Can someone explain why an A9 comm has a cancelation in the alg. This would help me understand them better. This way I could figure them out without seeing the colours.

Example. If you set up a ULB - FRU - RFD
cycle. I fugue out that a comm for this would be. D' F2 D' B D F2 D' B' D2

so I tried to write that down in the A B A' B' format to see if I could spot the cancelation move. But I don't see it. Here's what I get.

A (D' F2 D') insertion move
B (B) interchange
A' (D F2 D) undo insertion move
B' (B') undo interchange

When you perform it that way. It doesn't work. What am I missing?


----------



## Martial (Oct 13, 2016)

D'F2D' is not an insertion move. With your alg, the setup is D', insertion is D'BD, interchange is F2.
D'[F2,D'BD]D. Cancelation is at the end, when you undo the insertion.
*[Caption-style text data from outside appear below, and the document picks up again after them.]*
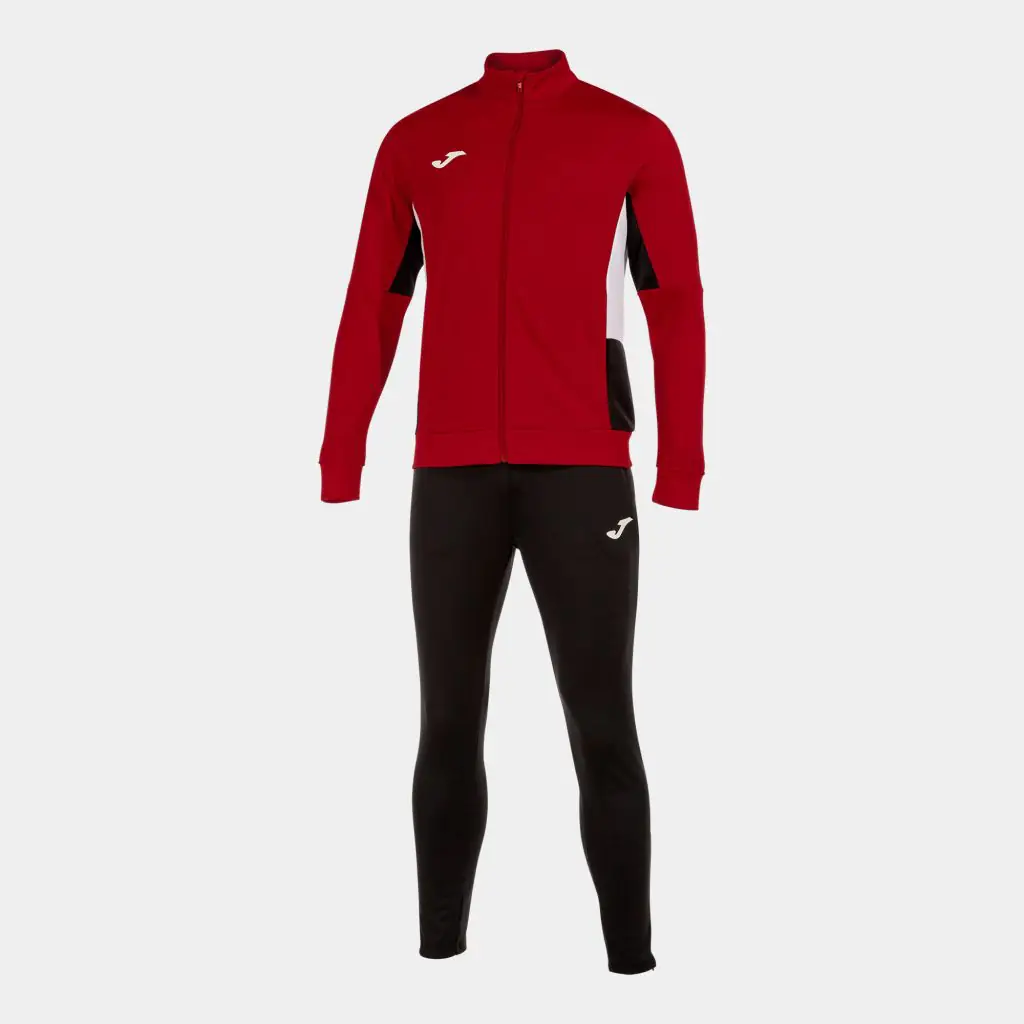 Dres Joma Danubio II czerwono-czarny Nr Kat.103122.601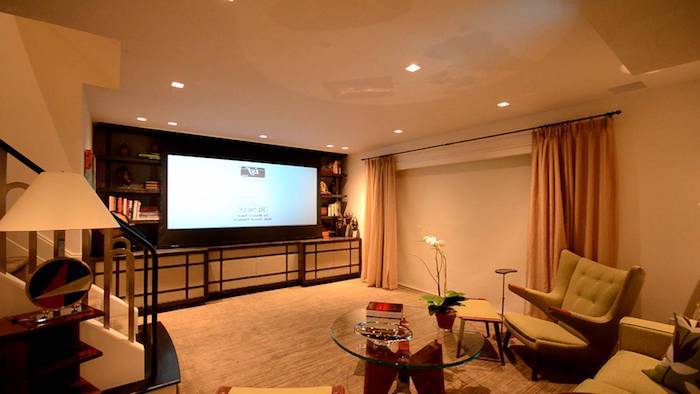 moderne levende vegg lang tv med mindre høyde god ide for store vegghyller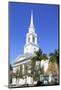 First Baptist Church, Main Street, Sarasota, Florida, United States of America, North America-Richard Cummins-Mounted Photographic Print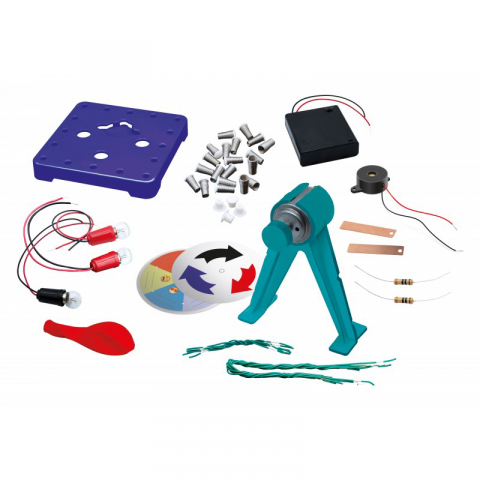 ATELIERUL DE ELECTRICITATE - 25 CIRCUITE [1]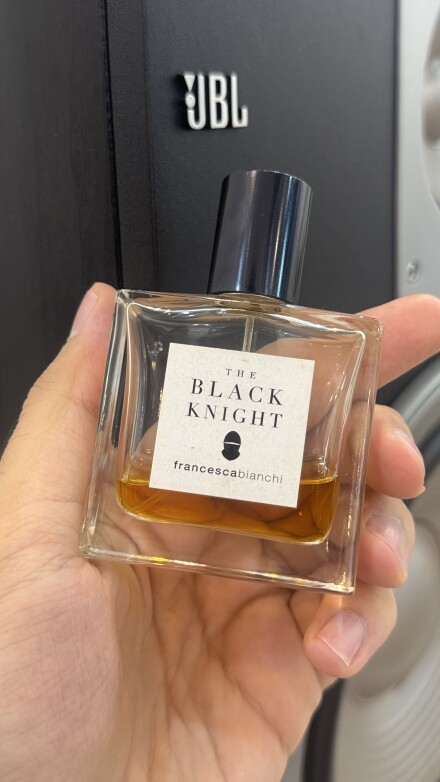 Francesca Bianchi The Black Knight🥷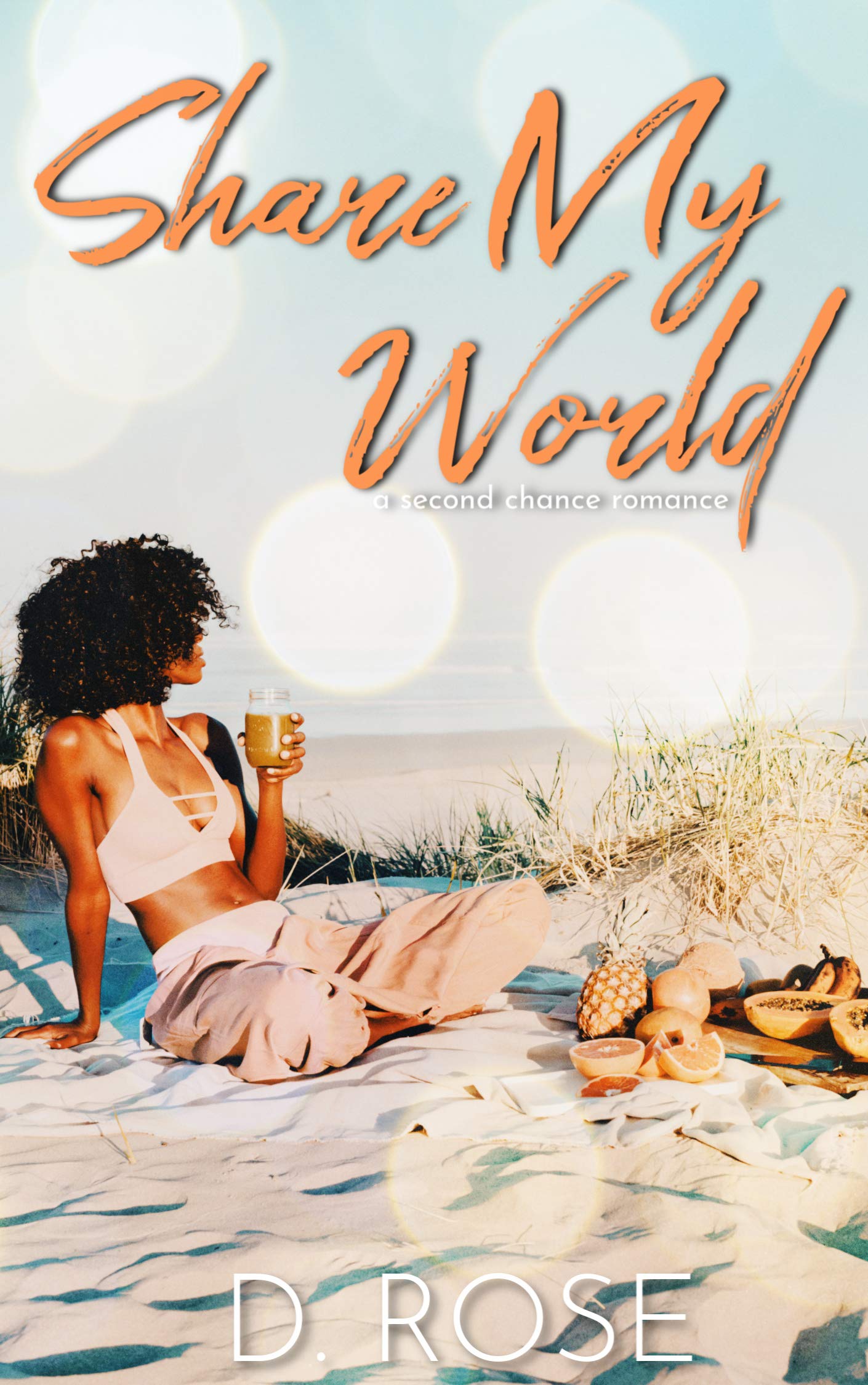 Share My World book cover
With A9 alg the cancelation move occurs between setup+insertion, or de-insertion+de-setup, depending on the orientation of your comm (ULB - FRU - RFD or ULB - RFD - FRU).


----------



## SpeedCuber71 (Oct 13, 2016)

Also, try understanding how the comms work. The first D' made the two pieces (not including the buffer) interchangeable with an F2 and as the last move was D and the setup undo was D too, it becomes D2.


----------



## kbrune (Oct 13, 2016)

Ah ok. I see where my mistake is when converting to ABA'B'

I'm still having a very difficult time seeing what the insertion move has to be and and I also have no clue if the cycle I'm looking at is a pure comm, an A9 or any of the others. Which is my problem for being able to see set ups to pure comms.

I'm currently stumped on this cycle.

ULB URF RFD

I figured R' would be a good setup to do F2 L F2 insertion move. Then D' to solve second piece. But it doesn't work. Havin a hard time wrapping my Brian around comms. 

any advice on what to look for first in determining if a setup is doable or if it's a difficult case?


----------



## SpeedCuber71 (Oct 13, 2016)

kbrune said:


> Ah ok. I see where my mistake is when converting to ABA'B'
> 
> I'm still having a very difficult time seeing what the insertion move has to be and and I also have no clue if the cycle I'm looking at is a pure comm, an A9 or any of the others. Which is my problem for being able to see set ups to pure comms.
> 
> ...



I think A9 comms are mostly ones in which no interchange exists so it has to be created using a set up. Also, there are sources online where you can find a list of commutators for every possible cycle on the 3x3 with your buffer. Any time you are stumped, try looking it up. Hope i helped.


----------



## kbrune (Oct 13, 2016)

I have a list with URB as the buffer. Keeping the Y rotation in mind only complicates things slightly. But it helps. 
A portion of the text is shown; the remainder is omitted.